DIRECTIONS:
Lines from the beginning of the entries up to and including the one with "Slide: The Image of Vanquish VQ45 - 5369401" must be duplicated word for word; leave out all others.

▼

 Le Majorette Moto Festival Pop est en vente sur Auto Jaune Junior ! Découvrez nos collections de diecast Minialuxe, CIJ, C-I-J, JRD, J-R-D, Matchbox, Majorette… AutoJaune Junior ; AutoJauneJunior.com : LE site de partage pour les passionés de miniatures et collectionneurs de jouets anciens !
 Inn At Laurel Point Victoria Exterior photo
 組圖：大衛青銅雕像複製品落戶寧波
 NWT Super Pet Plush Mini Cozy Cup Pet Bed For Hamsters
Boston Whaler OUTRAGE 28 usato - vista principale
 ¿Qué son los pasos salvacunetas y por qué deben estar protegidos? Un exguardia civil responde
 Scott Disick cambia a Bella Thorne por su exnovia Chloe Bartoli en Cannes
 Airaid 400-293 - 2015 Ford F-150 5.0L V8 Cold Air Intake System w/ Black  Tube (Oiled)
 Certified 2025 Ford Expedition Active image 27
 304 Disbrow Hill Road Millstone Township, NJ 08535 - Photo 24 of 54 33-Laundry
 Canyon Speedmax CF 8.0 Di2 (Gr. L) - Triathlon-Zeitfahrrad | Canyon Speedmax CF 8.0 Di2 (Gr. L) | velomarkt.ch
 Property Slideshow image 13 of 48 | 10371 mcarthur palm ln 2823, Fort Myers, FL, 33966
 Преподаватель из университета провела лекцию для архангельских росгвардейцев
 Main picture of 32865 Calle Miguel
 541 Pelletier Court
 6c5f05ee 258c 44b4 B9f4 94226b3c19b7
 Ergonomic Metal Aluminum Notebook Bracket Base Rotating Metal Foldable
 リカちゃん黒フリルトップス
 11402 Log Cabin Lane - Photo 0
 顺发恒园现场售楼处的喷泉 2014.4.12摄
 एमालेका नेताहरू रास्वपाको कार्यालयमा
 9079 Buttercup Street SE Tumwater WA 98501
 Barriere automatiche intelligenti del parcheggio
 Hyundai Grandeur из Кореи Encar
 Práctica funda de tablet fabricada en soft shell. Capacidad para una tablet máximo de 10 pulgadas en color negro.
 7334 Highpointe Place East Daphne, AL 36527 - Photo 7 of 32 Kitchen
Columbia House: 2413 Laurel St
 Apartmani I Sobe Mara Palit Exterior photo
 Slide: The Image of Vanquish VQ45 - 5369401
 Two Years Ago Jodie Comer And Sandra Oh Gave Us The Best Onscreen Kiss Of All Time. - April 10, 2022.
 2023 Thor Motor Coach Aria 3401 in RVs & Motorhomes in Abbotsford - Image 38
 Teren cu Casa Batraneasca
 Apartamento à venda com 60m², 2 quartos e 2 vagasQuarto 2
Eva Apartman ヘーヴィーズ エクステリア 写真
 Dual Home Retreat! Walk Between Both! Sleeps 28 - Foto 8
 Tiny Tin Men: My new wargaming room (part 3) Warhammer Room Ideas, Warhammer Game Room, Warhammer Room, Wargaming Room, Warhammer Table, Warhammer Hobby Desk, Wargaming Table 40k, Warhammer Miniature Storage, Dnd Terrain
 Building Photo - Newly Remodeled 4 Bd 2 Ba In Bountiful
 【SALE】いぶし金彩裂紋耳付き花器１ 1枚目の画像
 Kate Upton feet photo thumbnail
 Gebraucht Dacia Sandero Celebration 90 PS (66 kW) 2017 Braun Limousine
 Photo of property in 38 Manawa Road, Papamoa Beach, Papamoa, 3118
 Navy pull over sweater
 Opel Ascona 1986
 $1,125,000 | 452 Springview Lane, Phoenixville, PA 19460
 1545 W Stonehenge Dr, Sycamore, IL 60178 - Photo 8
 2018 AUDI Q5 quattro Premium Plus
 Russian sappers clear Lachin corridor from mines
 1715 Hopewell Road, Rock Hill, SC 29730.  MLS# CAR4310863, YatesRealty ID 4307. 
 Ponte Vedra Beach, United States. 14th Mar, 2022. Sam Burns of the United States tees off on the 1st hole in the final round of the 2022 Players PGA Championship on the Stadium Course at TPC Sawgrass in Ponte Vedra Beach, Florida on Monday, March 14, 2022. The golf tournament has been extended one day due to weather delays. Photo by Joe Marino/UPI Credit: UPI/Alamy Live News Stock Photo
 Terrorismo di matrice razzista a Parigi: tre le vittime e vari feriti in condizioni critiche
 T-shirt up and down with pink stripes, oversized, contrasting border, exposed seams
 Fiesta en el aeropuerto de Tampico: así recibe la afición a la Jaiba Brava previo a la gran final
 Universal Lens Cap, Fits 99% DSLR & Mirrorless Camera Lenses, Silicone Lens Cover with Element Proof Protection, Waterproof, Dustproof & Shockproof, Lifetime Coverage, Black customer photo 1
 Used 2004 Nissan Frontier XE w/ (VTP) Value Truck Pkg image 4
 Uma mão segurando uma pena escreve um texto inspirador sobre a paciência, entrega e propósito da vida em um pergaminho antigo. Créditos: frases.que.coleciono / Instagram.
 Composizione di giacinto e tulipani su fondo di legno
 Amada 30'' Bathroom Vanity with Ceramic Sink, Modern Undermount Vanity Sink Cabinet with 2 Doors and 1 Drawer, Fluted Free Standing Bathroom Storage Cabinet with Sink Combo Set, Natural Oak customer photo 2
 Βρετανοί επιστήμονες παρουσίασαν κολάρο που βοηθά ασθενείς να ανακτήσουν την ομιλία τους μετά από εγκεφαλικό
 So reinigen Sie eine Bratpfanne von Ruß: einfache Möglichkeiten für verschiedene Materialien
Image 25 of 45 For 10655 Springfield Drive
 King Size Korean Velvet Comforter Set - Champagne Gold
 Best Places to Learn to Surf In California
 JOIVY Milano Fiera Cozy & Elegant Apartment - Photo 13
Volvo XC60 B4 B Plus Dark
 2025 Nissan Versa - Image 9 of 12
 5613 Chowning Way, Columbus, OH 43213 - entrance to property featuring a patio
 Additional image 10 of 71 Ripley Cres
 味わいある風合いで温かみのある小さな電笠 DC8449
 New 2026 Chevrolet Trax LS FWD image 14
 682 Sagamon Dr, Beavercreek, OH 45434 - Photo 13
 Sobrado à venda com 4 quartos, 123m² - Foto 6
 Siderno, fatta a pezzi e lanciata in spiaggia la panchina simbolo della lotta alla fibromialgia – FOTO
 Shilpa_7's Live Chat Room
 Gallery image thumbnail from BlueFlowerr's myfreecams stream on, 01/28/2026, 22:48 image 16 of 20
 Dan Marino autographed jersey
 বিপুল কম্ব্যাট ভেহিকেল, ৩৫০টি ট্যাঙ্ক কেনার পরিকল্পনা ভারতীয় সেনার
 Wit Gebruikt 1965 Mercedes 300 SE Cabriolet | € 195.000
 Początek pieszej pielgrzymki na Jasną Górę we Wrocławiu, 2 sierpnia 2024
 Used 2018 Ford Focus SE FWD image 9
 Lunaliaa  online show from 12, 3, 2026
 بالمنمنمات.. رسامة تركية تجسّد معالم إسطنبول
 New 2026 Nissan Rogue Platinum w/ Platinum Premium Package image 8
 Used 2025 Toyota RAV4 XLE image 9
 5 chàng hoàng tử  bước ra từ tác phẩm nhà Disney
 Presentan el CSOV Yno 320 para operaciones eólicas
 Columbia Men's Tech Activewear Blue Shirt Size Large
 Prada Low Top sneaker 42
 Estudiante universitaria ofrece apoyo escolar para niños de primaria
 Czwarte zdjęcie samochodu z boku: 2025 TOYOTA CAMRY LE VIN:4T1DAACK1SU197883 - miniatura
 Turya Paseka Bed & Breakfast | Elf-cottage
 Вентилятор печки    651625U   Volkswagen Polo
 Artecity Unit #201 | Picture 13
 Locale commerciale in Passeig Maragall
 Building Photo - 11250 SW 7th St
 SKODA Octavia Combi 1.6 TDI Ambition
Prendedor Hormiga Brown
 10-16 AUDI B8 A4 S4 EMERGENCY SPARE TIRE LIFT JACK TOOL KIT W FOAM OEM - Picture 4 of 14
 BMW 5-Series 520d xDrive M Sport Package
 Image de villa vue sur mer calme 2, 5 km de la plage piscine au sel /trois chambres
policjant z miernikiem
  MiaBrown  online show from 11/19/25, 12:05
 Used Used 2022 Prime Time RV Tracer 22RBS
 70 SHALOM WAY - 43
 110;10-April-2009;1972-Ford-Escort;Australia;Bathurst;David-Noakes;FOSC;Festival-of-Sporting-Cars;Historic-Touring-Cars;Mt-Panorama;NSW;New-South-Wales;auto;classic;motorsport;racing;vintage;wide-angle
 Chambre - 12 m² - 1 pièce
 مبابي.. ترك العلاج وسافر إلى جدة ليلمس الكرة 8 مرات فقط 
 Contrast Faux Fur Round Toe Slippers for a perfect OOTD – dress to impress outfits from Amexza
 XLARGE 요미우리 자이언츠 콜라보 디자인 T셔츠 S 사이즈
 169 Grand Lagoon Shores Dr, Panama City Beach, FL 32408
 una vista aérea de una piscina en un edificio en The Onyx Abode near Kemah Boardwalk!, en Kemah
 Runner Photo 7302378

▲

RESPONSE BELOW:
 Le Majorette Moto Festival Pop est en vente sur Auto Jaune Junior ! Découvrez nos collections de diecast Minialuxe, CIJ, C-I-J, JRD, J-R-D, Matchbox, Majorette… AutoJaune Junior ; AutoJauneJunior.com : LE site de partage pour les passionés de miniatures et collectionneurs de jouets anciens !
 Inn At Laurel Point Victoria Exterior photo
 組圖：大衛青銅雕像複製品落戶寧波
 NWT Super Pet Plush Mini Cozy Cup Pet Bed For Hamsters
Boston Whaler OUTRAGE 28 usato - vista principale
 ¿Qué son los pasos salvacunetas y por qué deben estar protegidos? Un exguardia civil responde
 Scott Disick cambia a Bella Thorne por su exnovia Chloe Bartoli en Cannes
 Airaid 400-293 - 2015 Ford F-150 5.0L V8 Cold Air Intake System w/ Black  Tube (Oiled)
 Certified 2025 Ford Expedition Active image 27
 304 Disbrow Hill Road Millstone Township, NJ 08535 - Photo 24 of 54 33-Laundry
 Canyon Speedmax CF 8.0 Di2 (Gr. L) - Triathlon-Zeitfahrrad | Canyon Speedmax CF 8.0 Di2 (Gr. L) | velomarkt.ch
 Property Slideshow image 13 of 48 | 10371 mcarthur palm ln 2823, Fort Myers, FL, 33966
 Преподаватель из университета провела лекцию для архангельских росгвардейцев
 Main picture of 32865 Calle Miguel
 541 Pelletier Court
 6c5f05ee 258c 44b4 B9f4 94226b3c19b7
 Ergonomic Metal Aluminum Notebook Bracket Base Rotating Metal Foldable
 リカちゃん黒フリルトップス
 11402 Log Cabin Lane - Photo 0
 顺发恒园现场售楼处的喷泉 2014.4.12摄
 एमालेका नेताहरू रास्वपाको कार्यालयमा
 9079 Buttercup Street SE Tumwater WA 98501
 Barriere automatiche intelligenti del parcheggio
 Hyundai Grandeur из Кореи Encar
 Práctica funda de tablet fabricada en soft shell. Capacidad para una tablet máximo de 10 pulgadas en color negro.
 7334 Highpointe Place East Daphne, AL 36527 - Photo 7 of 32 Kitchen
Columbia House: 2413 Laurel St
 Apartmani I Sobe Mara Palit Exterior photo
 Slide: The Image of Vanquish VQ45 - 5369401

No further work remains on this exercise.